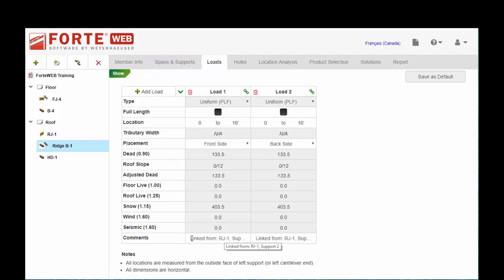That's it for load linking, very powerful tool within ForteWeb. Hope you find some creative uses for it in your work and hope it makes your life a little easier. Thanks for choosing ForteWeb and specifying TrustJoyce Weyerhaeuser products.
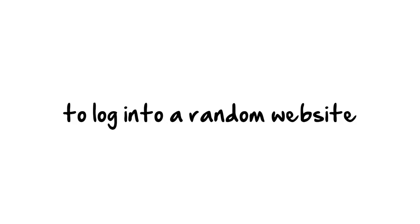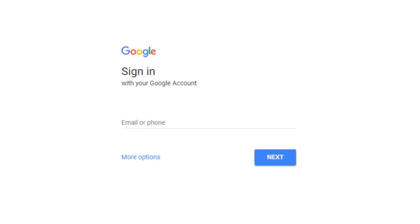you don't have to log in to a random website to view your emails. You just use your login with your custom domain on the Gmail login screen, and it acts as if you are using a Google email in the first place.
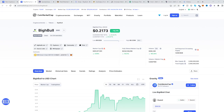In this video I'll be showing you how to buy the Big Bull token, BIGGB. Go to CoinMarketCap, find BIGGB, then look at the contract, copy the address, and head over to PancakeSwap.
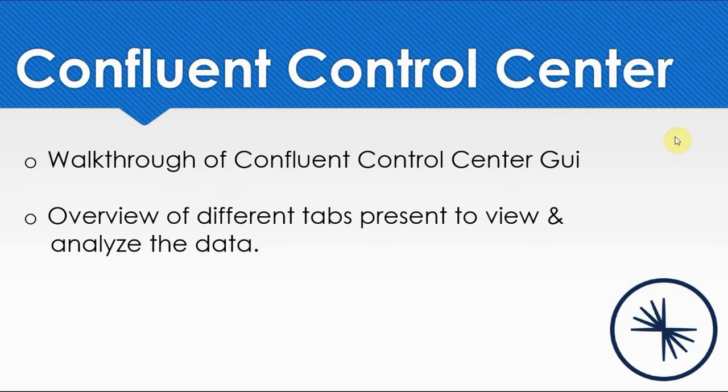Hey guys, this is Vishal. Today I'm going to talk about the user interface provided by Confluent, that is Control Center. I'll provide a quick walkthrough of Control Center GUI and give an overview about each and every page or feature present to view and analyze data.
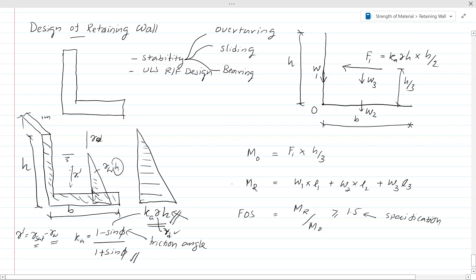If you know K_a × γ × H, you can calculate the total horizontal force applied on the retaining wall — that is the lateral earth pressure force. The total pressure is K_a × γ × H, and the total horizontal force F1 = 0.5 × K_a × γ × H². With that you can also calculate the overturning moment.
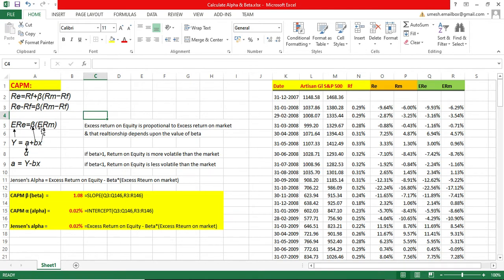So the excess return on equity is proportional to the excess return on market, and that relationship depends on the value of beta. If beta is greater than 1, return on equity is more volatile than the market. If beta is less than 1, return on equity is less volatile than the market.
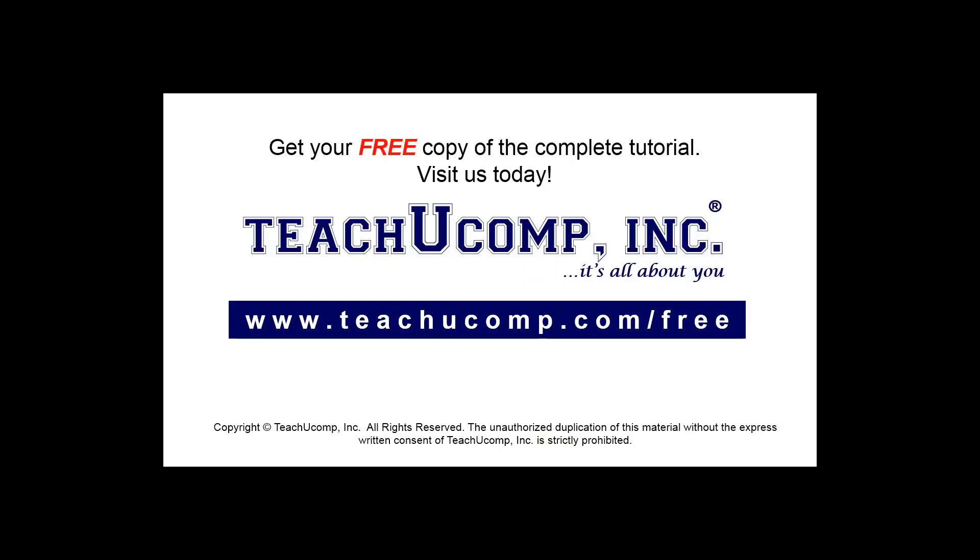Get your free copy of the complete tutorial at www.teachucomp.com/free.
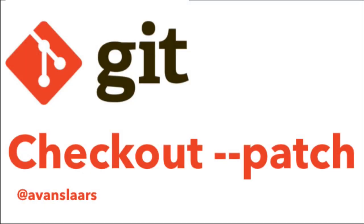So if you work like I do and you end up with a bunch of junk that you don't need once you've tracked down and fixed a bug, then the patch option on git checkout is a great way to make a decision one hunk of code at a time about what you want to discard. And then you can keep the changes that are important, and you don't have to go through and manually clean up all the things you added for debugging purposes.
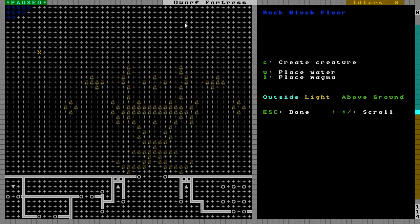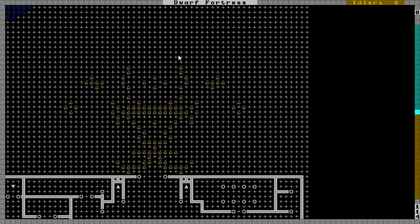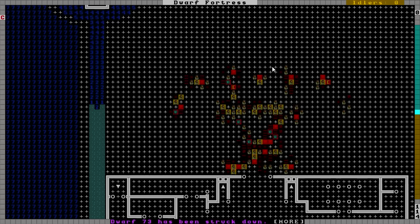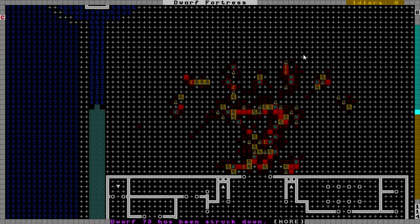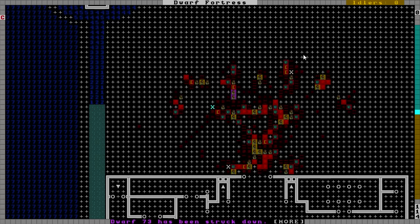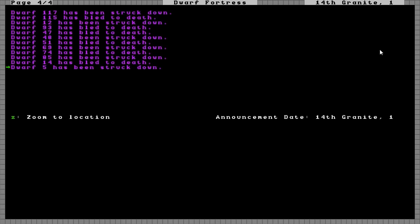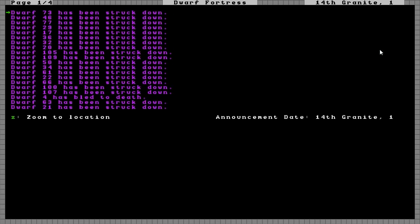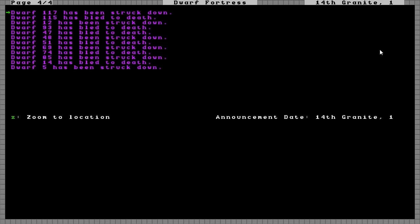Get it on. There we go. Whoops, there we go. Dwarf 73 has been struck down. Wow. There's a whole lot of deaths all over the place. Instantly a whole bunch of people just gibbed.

■ ■ ■ ■ ■

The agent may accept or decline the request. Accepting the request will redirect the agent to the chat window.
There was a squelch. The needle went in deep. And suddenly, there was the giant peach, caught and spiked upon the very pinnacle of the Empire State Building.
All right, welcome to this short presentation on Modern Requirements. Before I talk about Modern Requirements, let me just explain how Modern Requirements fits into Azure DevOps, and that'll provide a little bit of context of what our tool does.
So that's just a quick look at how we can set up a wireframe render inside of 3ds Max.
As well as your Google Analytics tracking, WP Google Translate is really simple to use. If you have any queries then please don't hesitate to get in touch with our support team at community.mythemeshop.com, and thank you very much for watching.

■ ■ ■ ■ ■

● Exercise directions:
Exactly the lines above from the one that contains "So if you work" down to the one that contains "Get it on. There" are to be output, both ends kept and pictures omitted.

● Answer for this exercise:
So if you work like I do and you end up with a bunch of junk that you don't need once you've tracked down and fixed a bug, then the patch option on git checkout is a great way to make a decision one hunk of code at a time about what you want to discard. And then you can keep the changes that are important, and you don't have to go through and manually clean up all the things you added for debugging purposes.
Get it on. There we go. Whoops, there we go. Dwarf 73 has been struck down. Wow. There's a whole lot of deaths all over the place. Instantly a whole bunch of people just gibbed.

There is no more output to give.